Visits have several aims. In a place where people’s lives have been split by violence, sharing stories builds understanding among people and groups, helping avoid future conflicts. People see the horrors they experienced are shared by others from similar and different backgrounds and have the opportunity to talk together about how they are facing the future.

Feryal and other volunteers, trained to help link the people they visit with services available to displaced families, target their visits to those who are struggling the most.

As these youth reach out to others, they are documenting the atrocities that happened during displacement, especially to religious and ethnic minority groups like Yazidis, Christians and others.

But they also are taking on leadership roles to help heal and reshape their communities – learning that takes root even though almost every other aspect of their lives remains disrupted.

Take Feryal. She had always wanted to go to college, but by the time she graduated from high school, extremist groups had enough power that it wasn’t considered safe to send girls to Mosul to study. Instead she remained at home, and her schedule was soon dominated by the routine of work. “I didn’t have enough time to support anyone in need,” she remembered.

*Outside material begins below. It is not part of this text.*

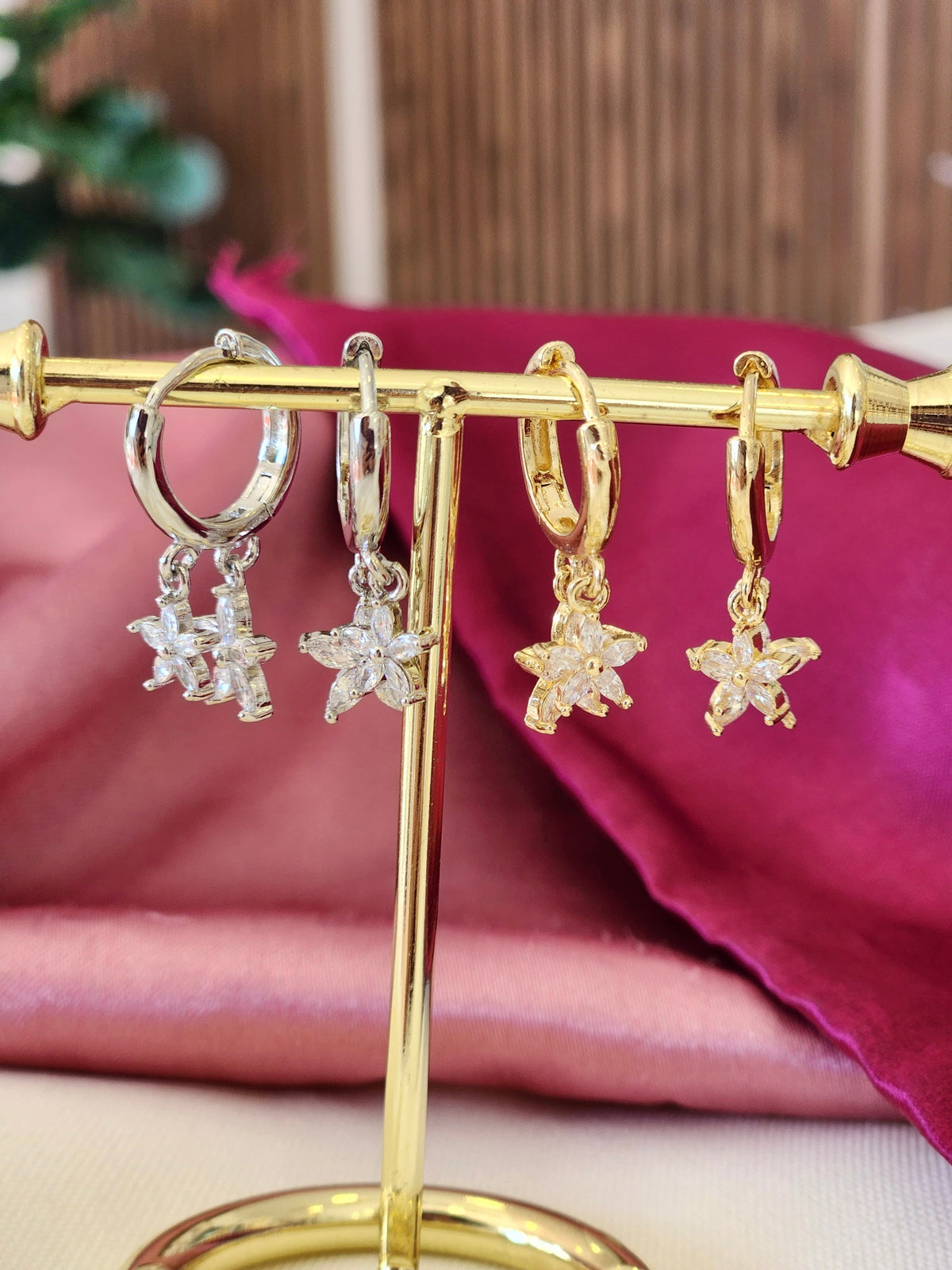 Arracadas doble flor zirconia #K20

Now, even as she and her family remain in tents, unable to return home, she is exploring how she can make a difference in the broader community and make the stories of displacement known. “We will listen to all the voices of the families in the camps, and all the world will listen to our voices,” she said.

That means entering into the pain of families. She begins visits by sharing that she too fled home, surviving on the mountain with little food or water.

“They recognize we are IDPs (internally displaced people) as well,” she said. “It feels like a visit from the next tent just for talking.”

Then she listens as they open up about the horrors they’ve seen – the Islamic State group killing family members, children dying due to the harsh conditions as families fled and the girls who were taken and not heard from again. She’s talked with girls who were kidnapped by the Islamic State group, witnessing executions and suffering horrors of rape and abuse before escaping.

It’s changed the way she looks at her own situation and the displaced people around her.

“I don’t have one family. I have two families. This is my family,” she says, sitting in the tent with her father as her mother and sister come and go. “And the community is my family.”

Today, Feryal devotes free time to keeping up with the people she’s met – sending and receiving texts on her cell phone, checking in with them on Facebook or stopping by the tents of those who live in the camp.

The 22-year-old, who once didn’t want to leave the security of her tent, is now serving as a team leader with ASFL, encouraging and training a new set of volunteers as they visit with families from March through September.

And as she does, she continues to share the truth she found through her own story of being uprooted: “This is not the end of life.”

“We have to live our lives,” she encourages young people and their families. “We are youth, like 22 years, we have many years. We have to live it and support the people.”

—Marla Pierson Lester is publications coordinator for MCC U.S.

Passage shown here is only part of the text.